Parmi les conséquences néfastes des  » nouvelles valeurs  » de notre époque, il y a très clairement la perte de libertés. On vit dans ce que j’ai appelé la  » bataclanisation des esprits « . Le terrorisme nous a fait tellement de mal et nous fait tellement peur que l’on accepte de perdre un peu de liberté. Selon un sondage, 80 % des Français sont prêts à être placés sous écoute téléphonique au motif qu’ils n’ont rien fait. Moi, c’est justement parce que je n’ai rien fait que je ne veux pas que l’on m’écoute. Je n’ai pas envie que l’on sache ce que j’ai mangé hier soir, qui j’ai vu avant-hier, ce que je ferai demain.

En créant ce spectacle (1), n’avez-vous pas craint de conforter ceux qui estiment que dans l’exercice de la justice, il y a une grande part de show ?

Pas du tout. J’ai toujours revendiqué la part de théâtralité de la justice. Un palais de justice ressemble à un théâtre. Il y a des colonnes, des costumes, un rituel et même une sonnerie. Les uns et les autres jouent un rôle. Cela ne veut pas dire que je suis inauthentique. Cela signifie que quand j’essaie d’exprimer une idée, je l’enserre dans la forme la plus audible possible.

La sincérité est-elle un point commun entre l’acteur et l’avocat ?

J’en suis archiconvaincu. Sans sincérité, c’est de la daube qui n’a aucun intérêt, ni au théâtre, ni au palais de justice. Les crétins disent :  » Le métier d’avocat est comme celui de comédien. Les avocats racontent donc n’importe quoi, n’importe comment, ils mentent. Et, en plus, ils sont grassement stipendiés pour cela.  » Je connais ce discours par coeur. Je l’entends depuis trente-cinq ans. Mais c’est complètement faux. L’avocat n’est pas plus comédien que le procureur ou le président de la cour.

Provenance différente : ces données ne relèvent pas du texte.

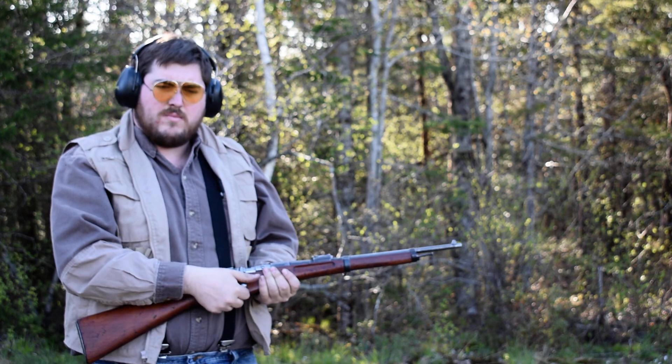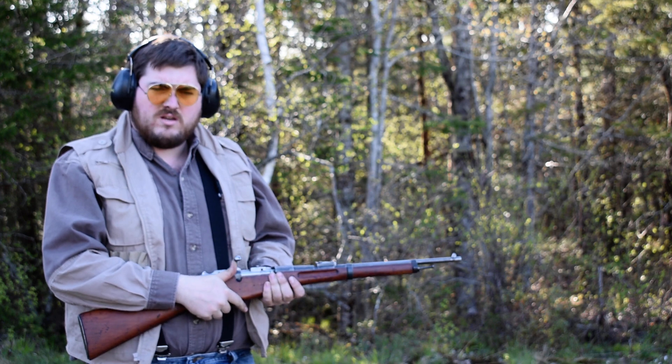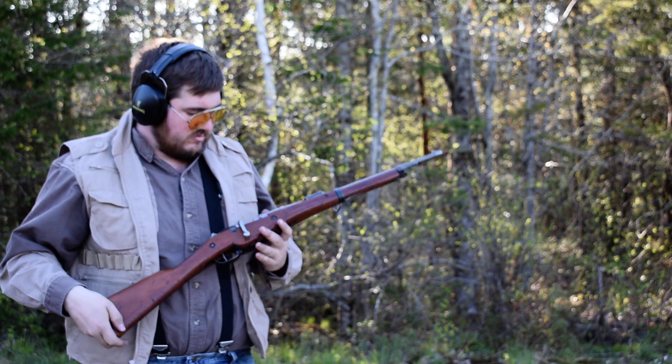The recoil is pretty mild. The ejection is good. Shooting to where I'm pointing it, which is also good. No complaints — it's actually pretty nice.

Vous êtes sévère à l’égard de certains juges. Et vous vantez la situation qui prévaut en Belgique, où la plupart des juges sont d’anciens avocats. Est-ce une bonne piste pour améliorer cette fonction ?

C’est absolument nécessaire. Le corporatisme étouffe la magistrature. Je suis favorable à la suppression de l’Ecole nationale de la magistrature en France. J’ai le souvenir d’une affaire d’assassinat très complexe en Belgique. Je suis reçu par une juge de Bruxelles qui me dit :  » Mon cher maître, asseyez-vous.  » Déjà, c’est étonnant. Elle m’explique ce qu’elle a fait, ce qu’elle n’a pas fait, ce qu’elle compte faire. En vingt-cinq minutes, j’en sais plus qu’en trois mois de procédures en France. Il faut retrouver cet esprit-là chez nous, même si je ne mets pas tout le monde dans le même panier. J’ai rencontré de grands juges en France. Mais il y a aussi beaucoup de personnes qui sont dignes de peu d’intérêt. Ceux qui rentrent dans la magistrature pour régler leurs comptes avec eux-mêmes, il faut les fuir. Quand des personnes sont juges et n’aiment pas les gens, cela devient compliqué.

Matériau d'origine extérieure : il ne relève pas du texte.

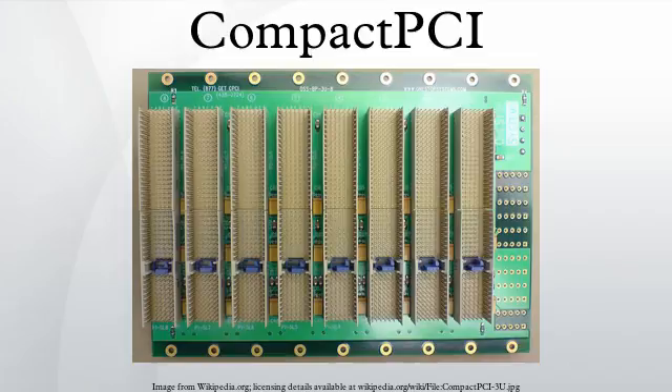Compact PCI is a computer bus interconnect for industrial computers, combining a Eurocard type connector and PCI signaling and protocols. Boards are standardized to 3U or 6U sizes, and are typically interconnected via a passive backplane. The connector pin assignments are standardized by the PICMG US and PICMG Europe organizations.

Les victimes ont été négligées pendant des années. Aujourd’hui, on vit une dérive en sens contraire.

Quels rôles jouent les mots et la maîtrise de la langue dans votre métier ?

Les mots sont les vecteurs des idées. Et donc parfois, je l’espère, de l’intelligence. Moins on a de mots, moins on a de nuances et moins on peut exprimer l’intelligence. C’est pour cela que je pense que la véritable révolution est culturelle. Un ministre de la Justice m’a un jour invité pour l’inauguration d’une prison. J’ai refusé. Et j’ai fait répondre que s’il m’invitait pour l’inauguration d’une école, j’irais. Je crois, comme Victor Hugo, que quand on ouvre une école, on ferme une prison.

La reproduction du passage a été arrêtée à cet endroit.